Are there expired or unused prescription and over-the counter medicines in your home? Then bring them to the National Take Back Day drug collection events in Allentown on Saturday, April 27.
The Allentown Health Bureau and the Allentown Police Department will collect medications as part of the 17th National Take Back Day at Giant Supermarket at 3015 W. Emaus Avenue, CVS Pharmacy at 1601 Liberty Street, Wegmans at 3900 Tilghman Street and St. Luke’s Allentown Hospital at 1736 Hamilton Street from 10:00am to 2:00pm. The city agencies are participating in the program in partnership with the Lehigh County District Attorney’s Office and the Drug Enforcement Administration.
Expired, unused and unwanted medications will be accepted, including capsules, pills, liquid products, creams in containers and pet medications. Syringes with needles and other sharps will not be accepted. This service is free; no identification is necessary, and no questions will be asked.

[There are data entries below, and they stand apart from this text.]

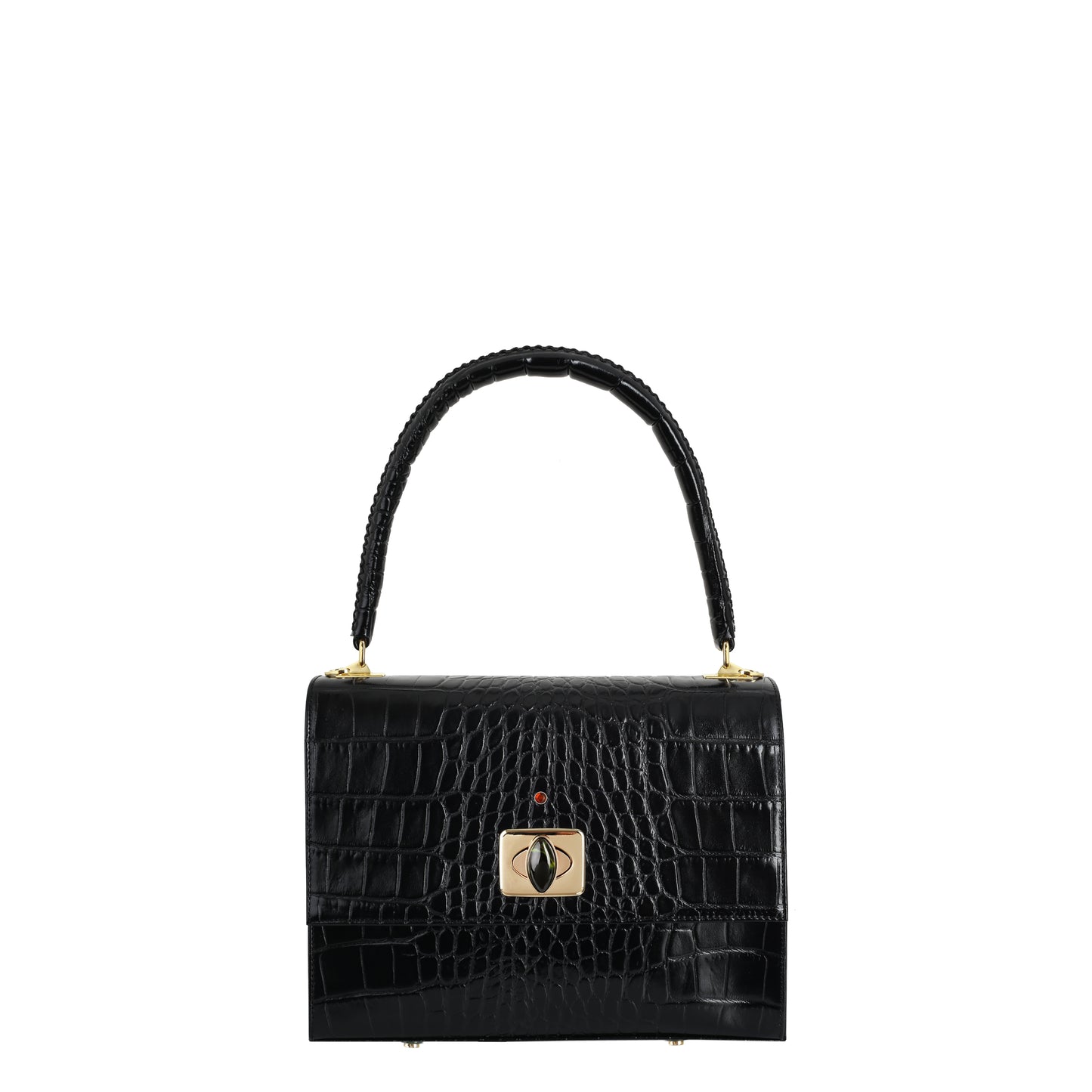 SELINA CROCO BLACK leather handbag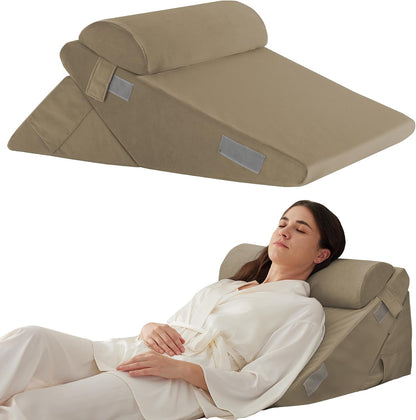 Ruqmuis Wedge Pillow Set for After Surgery, 3PCS Adjustable 9&12 Inch Bed Wedge Pillow for Sleeping, Incline Pillow Wedge for Headboard, Post Surgery, Acid Reflux, Neck&Back Support, White/Grey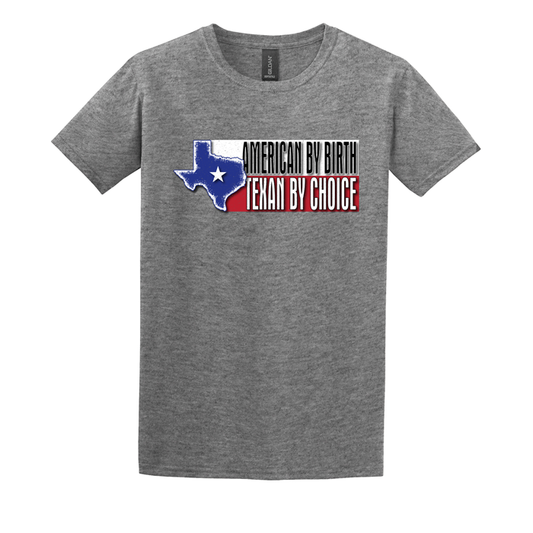 american by birth texas by choice printed in a flag spin off grunge look screenprinted on a grey softstyle heathered gildan t-shirt texas shape flag shadows tee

Drug Take Back programs address a vital public safety and public health issue.
Rates of prescription drug abuse in the U.S. are alarmingly high, as are the number of accidental poisonings and overdoses due to these drugs. Studies show most abused prescription drugs are obtained from family and friends, including from the home medicine cabinet.
Drug overdoses in Pennsylvania have also increased dramatically in recent years and Allentown and the Lehigh Valley are no exception – overdose deaths have continued to rise in Allentown and Lehigh County over the last several years. In 2016, approximately 13 Pennsylvanians died from a drug overdose each day.
Prescription drug abuse has quadrupled in the past ten years; it now results in more deaths than all illicit street drugs combined. Almost all prescription drugs involved in overdoses are originally legally prescribed by physicians.
Roughly 21 to 29 percent of patients prescribed opioids for chronic pain misuse them and some 8-to-12 percent develop an opioid use disorder. An estimated 4-to-6 percent who misuse prescription opioids transition to heroin. About 80 percent of people who use heroin first misused prescription opioids.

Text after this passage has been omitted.